Nuestra suficiencia proviene de Dios que nos reconcilió consigo mismo por medio de nuestro Señor Jesucristo (2 Corintios 5:19). Ese es nuestro honor, nuestra excelencia, nuestra seguridad, y todo lo que hay de bien en nosotros. No necesitamos nada más. La buena obra adorna y confirma nuestra vocación y elección (2 Pedro 1:10). Eso es todo. Cristo es todo eso en nosotros, y Él hace todo lo excelente en nosotros.

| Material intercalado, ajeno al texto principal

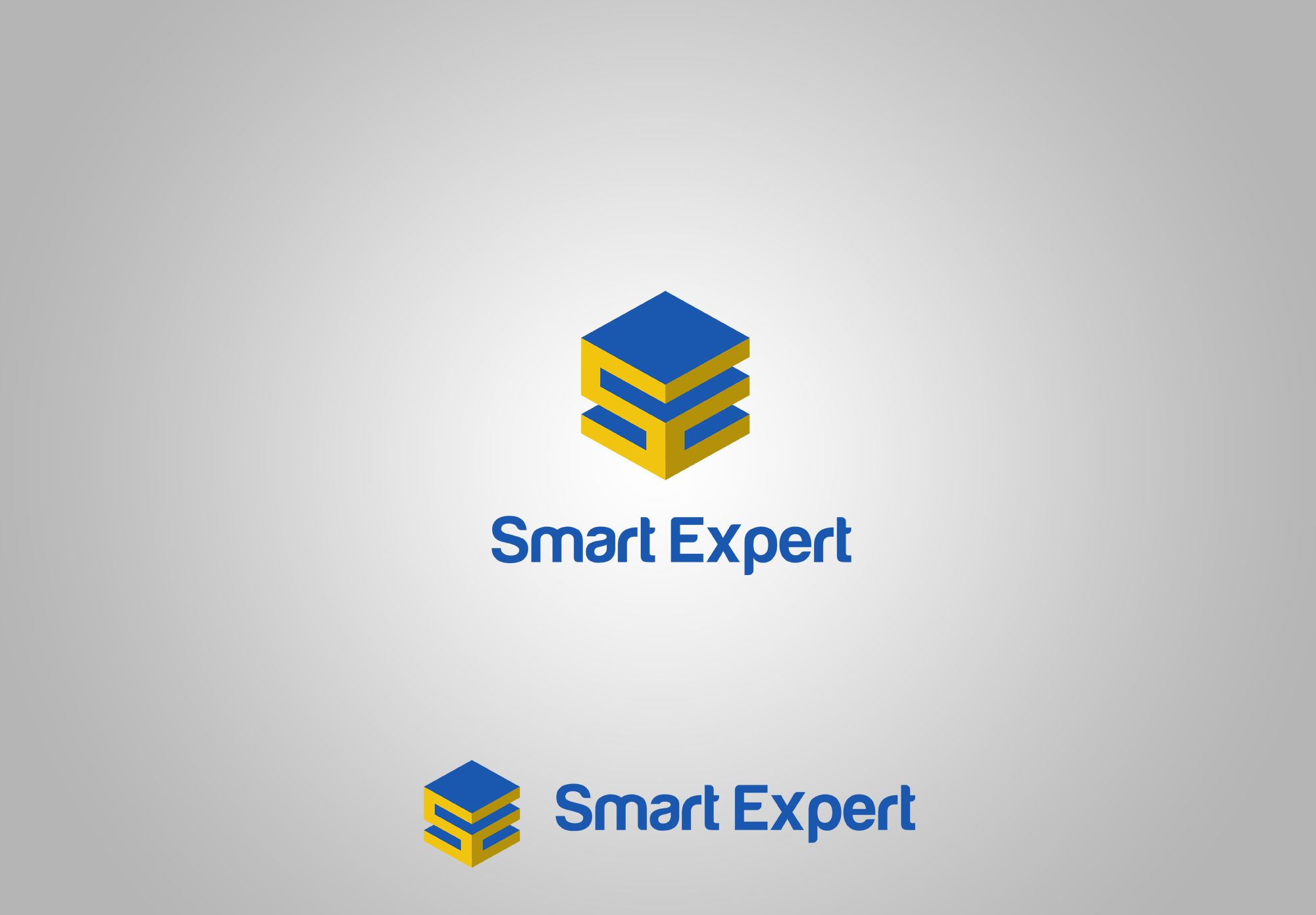 Логотип для SmartExpert - дизайнер Elshan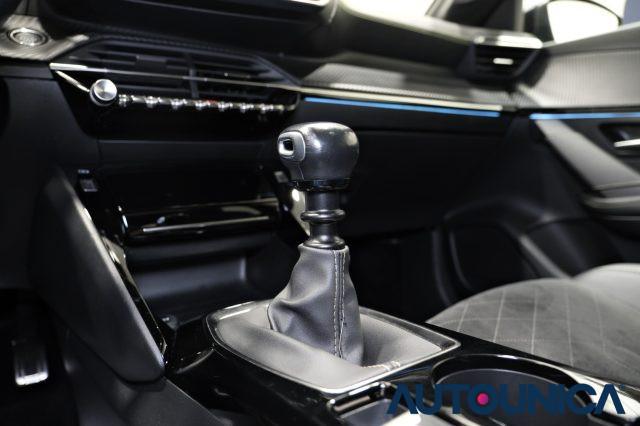 PEUGEOT 208 PURETECH 100 STOP&START 5 PORTE GT PACK TETTO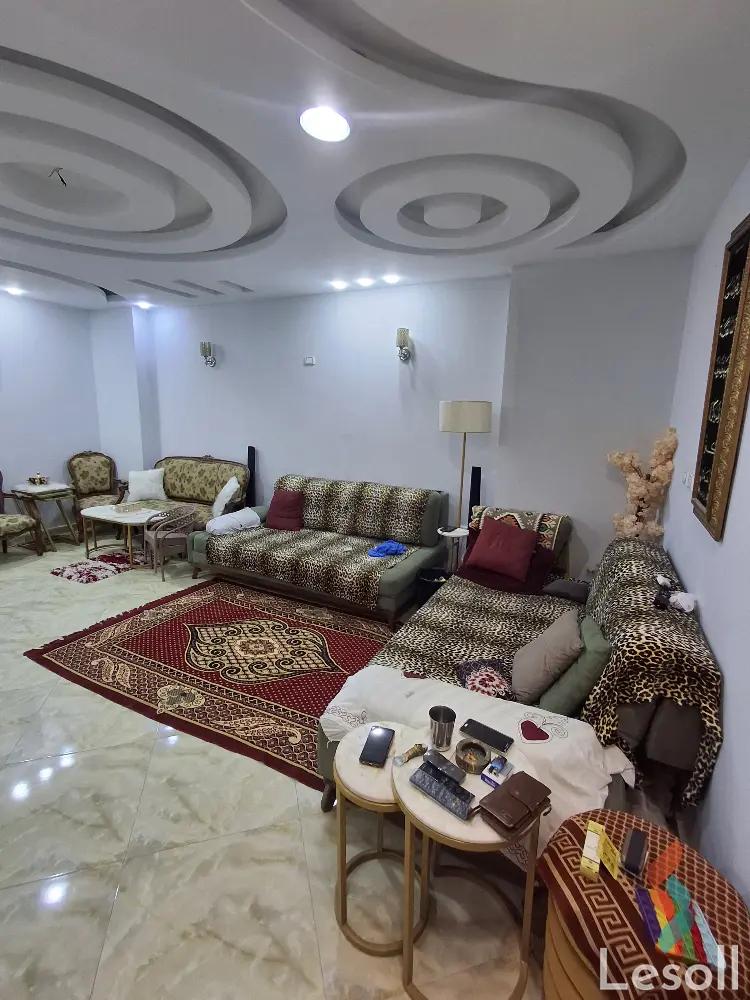 Apartment for sale with an data.area 150 meters and 3 data.rooms in Nasr City Cairo - Image 3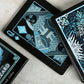 Bicycle - Natural Disasters Playing Cards - Blizzard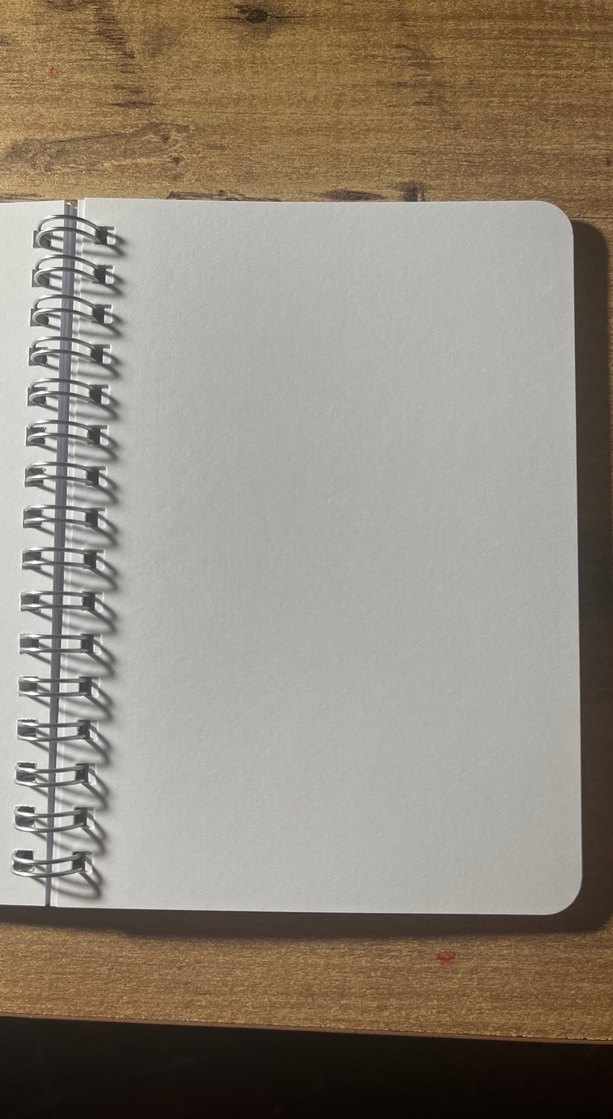 Pastel Mor Defter - Görsel 2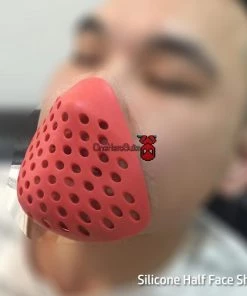 OneHeroSuits Zentai/Jumpsuit Halloween Spider-man Mask With Half Face Shell Multiple Kinds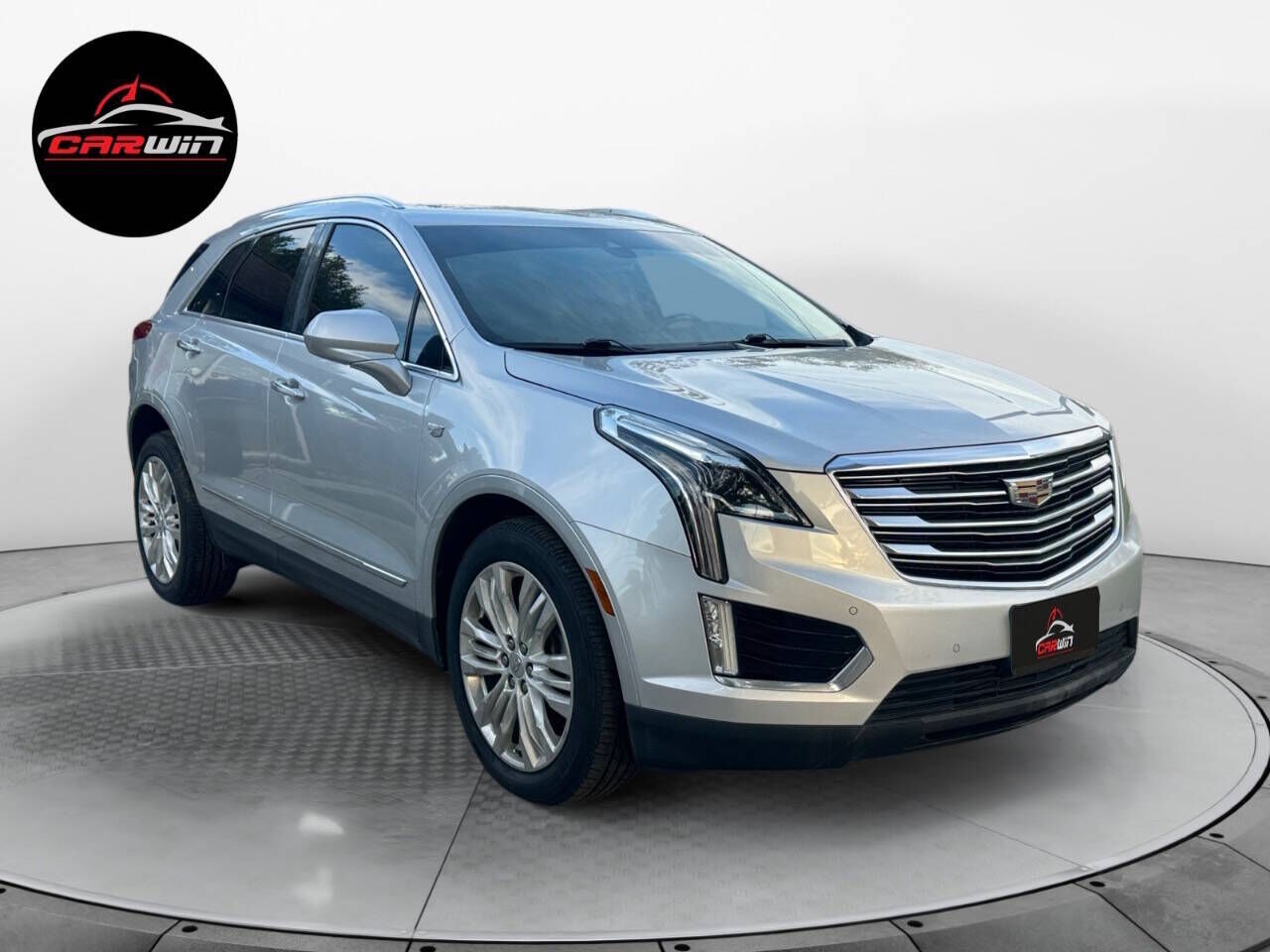 2018 CADILLAC XT5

En Dios solamente se aquieta nuestra alma (Salmo 62). ¡Ay del que confía en otra roca, en otro brazo, en otro poder de salvación! Somos de Dios, y eso nos basta. El es nuestra vida, nuestro consuelo, nuestra alegría y nuestra gloria presente y futura. Confesamos a Dios Padre, a Cristo el Hijo, y vivimos siendo morada del Espíritu Santo. He aquí la diferencia.


AYUDA DE JESÚS.

En mis noches de angustia y de tristeza
Has sido tú mi alivio, Jesús mío,
Cuando ya deprimido triste y frío,
Tu consuelo ofreciste a mi flaqueza.

Solo tú, mi divina fortaleza,
Amante y fiel auxilio en mi extravío,
Eres el único que con tu  poderío
Ahuyentas el pavor de mi cabeza.

¿Que dicha encontrará ningún humano
Lejos de ti, en afán desesperado,
Que próvido no dé tu amor sagrado?

En ti camino, mi celeste hermano;
De pérfidas querellas despojado,
Radiante al gran final que tú has forjado.